Creation of 3D Custom ANSYS Elements for Studying the Multi-Physics of Quench Prevention in Superconducting Magnets

 CMMRL Research by:

Kate Edwards

Figure: Nodal temperature values for a quench propagation test using the 3D Custom ANSYS Thermal Element.

Quench is a failure of a superconducting magnet where the superconducting material returns to a resistive state due. This occurs when the material reaches either its critical current, magnetic field, or temperature due to large magnetic fields or defects in the magnet. Local quenches cause a chain reaction throughout the magnet, rapidly causing the entire coil to become resistive – potentially leading to fatal damages to the magnet. Therefore, quench protection is often built into the magnet. Many different quench protection systems exist, and it is important to understand how they will react to a quench and how well they can protect the magnet. To better understand and design these systems, computational simulations become an important tool.

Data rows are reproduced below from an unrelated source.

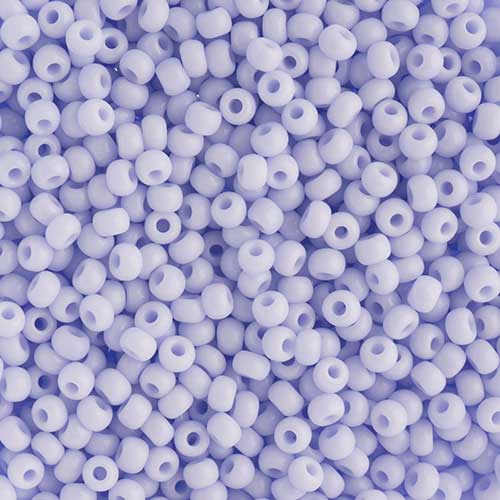 Czech Seed Beads - 8/0 - Opaque Natural Lilac (22g)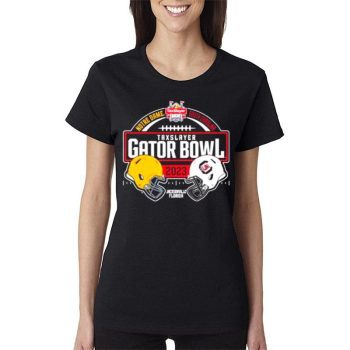 Notre Dame Fighting Irish Vs South Carolina Gamecocks Taxslayer Gator Bowl 2023 Women Lady T-Shirt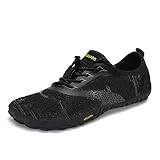 SAGUARO Zapatillas Minimalistas Hombre Mujer Zapatillas de Trail Respirables Zapatillas de Barefoot Ligera Escarpines de Agua Zapatos Running Stil: B Negro Gr.43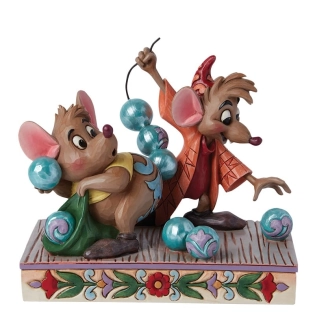 Jaq en Gus beeldje - Disney Traditions - 6015020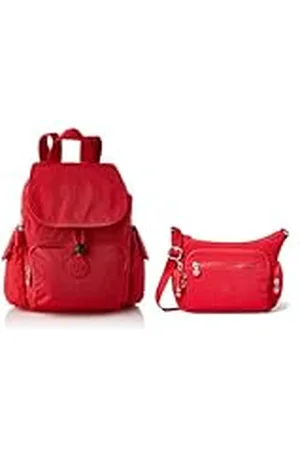 Kipling City Pack Mini, Mochilas para Mujer, Red Rouge (Multicolor), Talla única GABBIE S, Bolso bandolera para Mujer, Rojo (Red Rouge), Talla única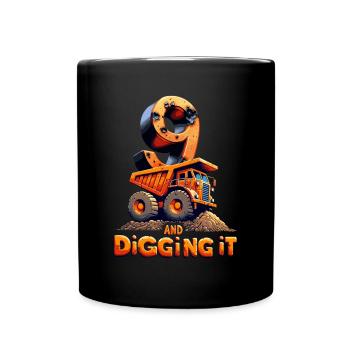 9e anniversaire Bauwahn-bagger - Mug uni - noir - Devant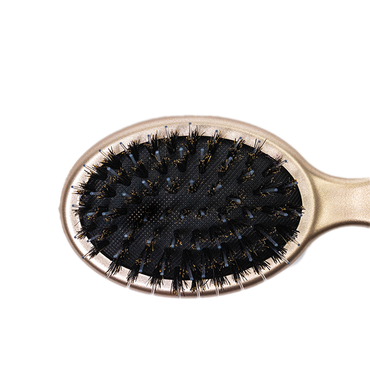 Hidden Crown Mini Boar Bristle Brush- Shiny Gold - Hidden Crown Hair Extensions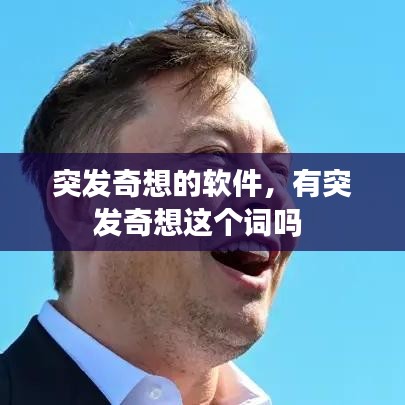 突发奇想的软件,有突发奇想这个词吗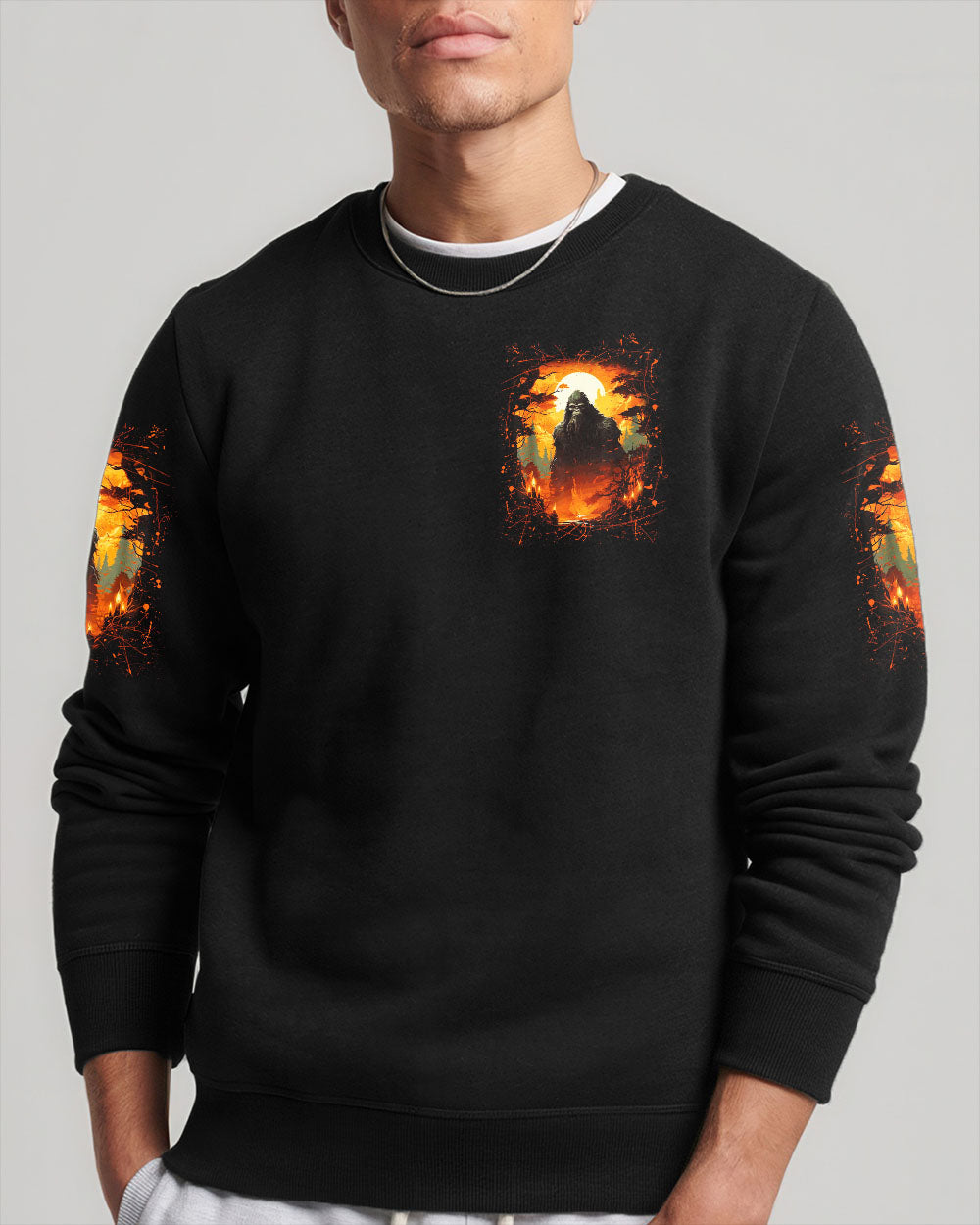 HELLO DARKNESS MY OLD FRIEND BIGFOOT ALL OVER PRINT - YHLN2210253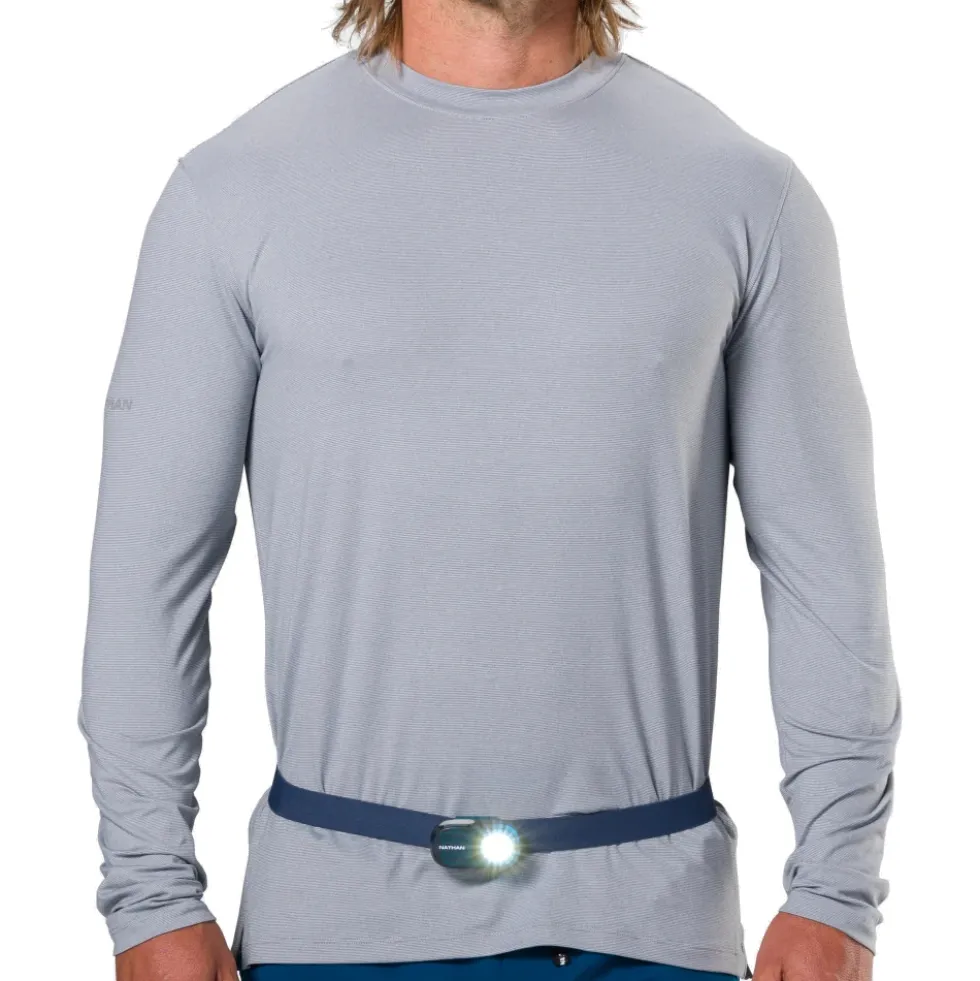 Nathan Sports Luna Fire 400 RX Run Borst/Taille - Sailor Blue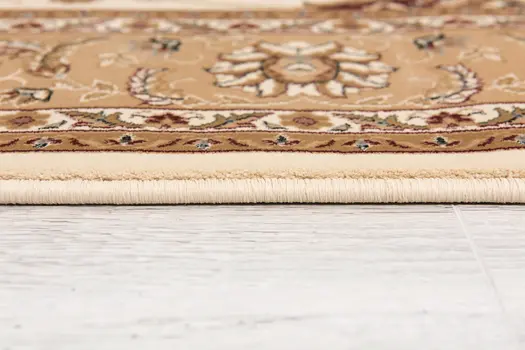 11' Beige And Brown Oriental Runner Rug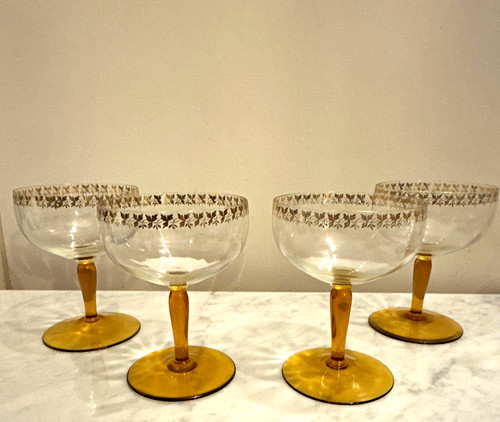 Vintage set champagne - of, 4
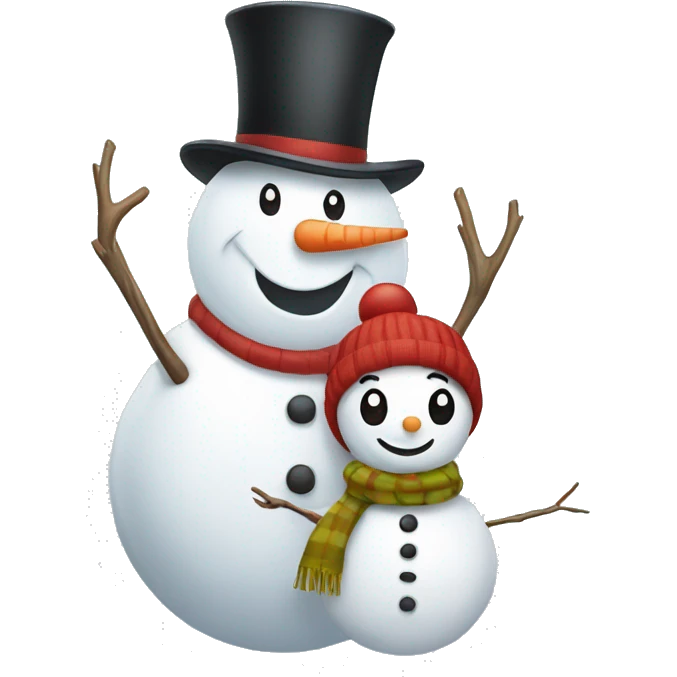 snowman and snowman woman emoji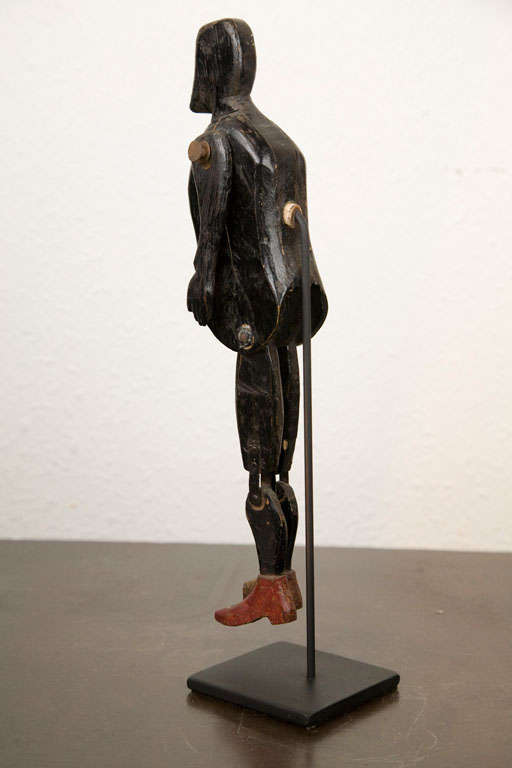 Vintage Articulated Figure with Red Shoes
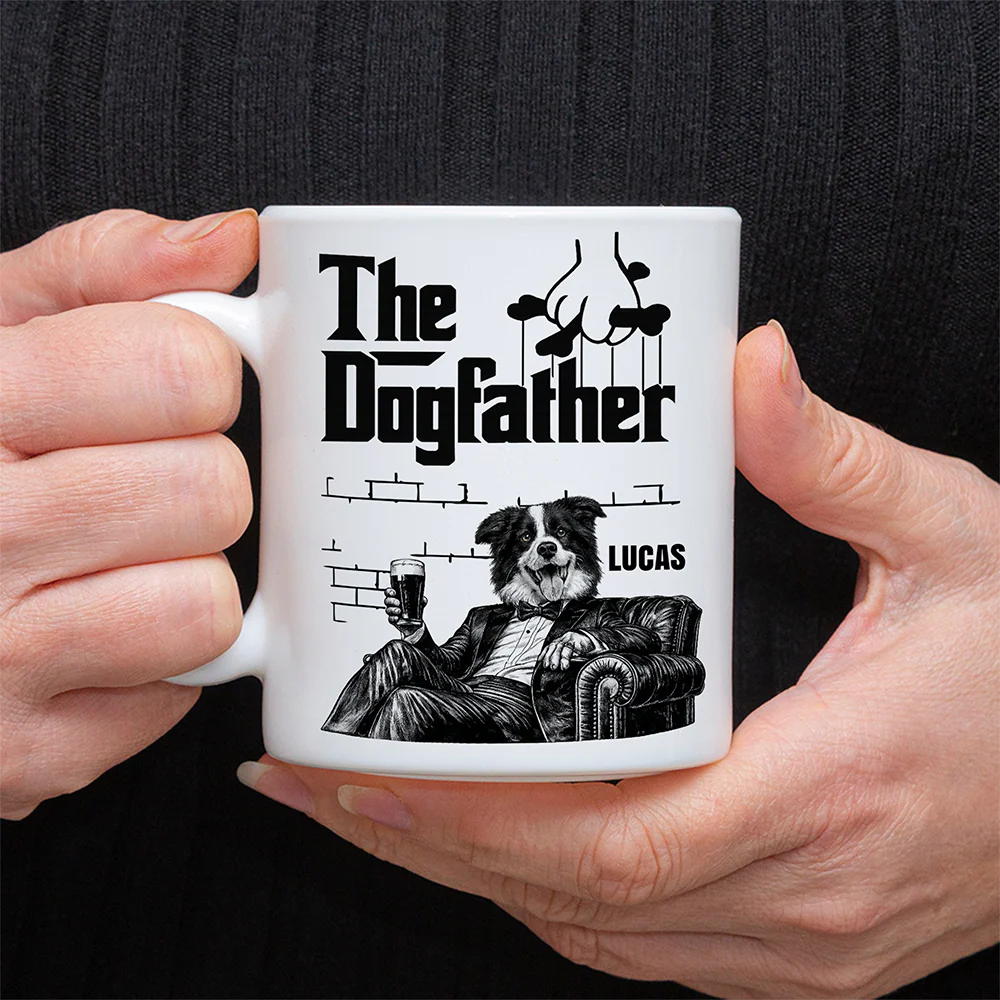 Custom Photo The Dog Father - Mafia Dog Mug - Gift For Father's Day TH10 169589 - Image 6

ANSYS includes the capability for users to create their own element with code that defines the element’s properties and the generation of its finite element matrices. After compiling the element with ANSYS, all other aspects of the software – including geometry and mesh generation, solving, and post-processing – are compatible with the element. Two dimensional elements – one thermal and one electromagnetic – have already been developed, extending the capabilities for simulation of superconducting magnets to include the effects of interfilament coupling currants, quench, and temperature and magnetic field dependent properties. They can also be coupled with each other using the ANSYS Multi-field solver [1].

My project involves developing similar thermal and electromagnetic elements in 3D, as well as updating both dimensions to include a surface heat flux load and additional material property options. Modeling superconductors in three dimensions allows for more accurate modeling of the winding superconducting coil and can capture unsymmetric phenomenon.

[1] L. Brouwer, D. Arbelaez, B. Auchmann, L. Bortot, and E. Stubberud, “User Defined Elements in ANSYS for 2D Multiphysics Modeling of Superconducting Magnets,” 2019, submitted to Superconductor Science and Technology.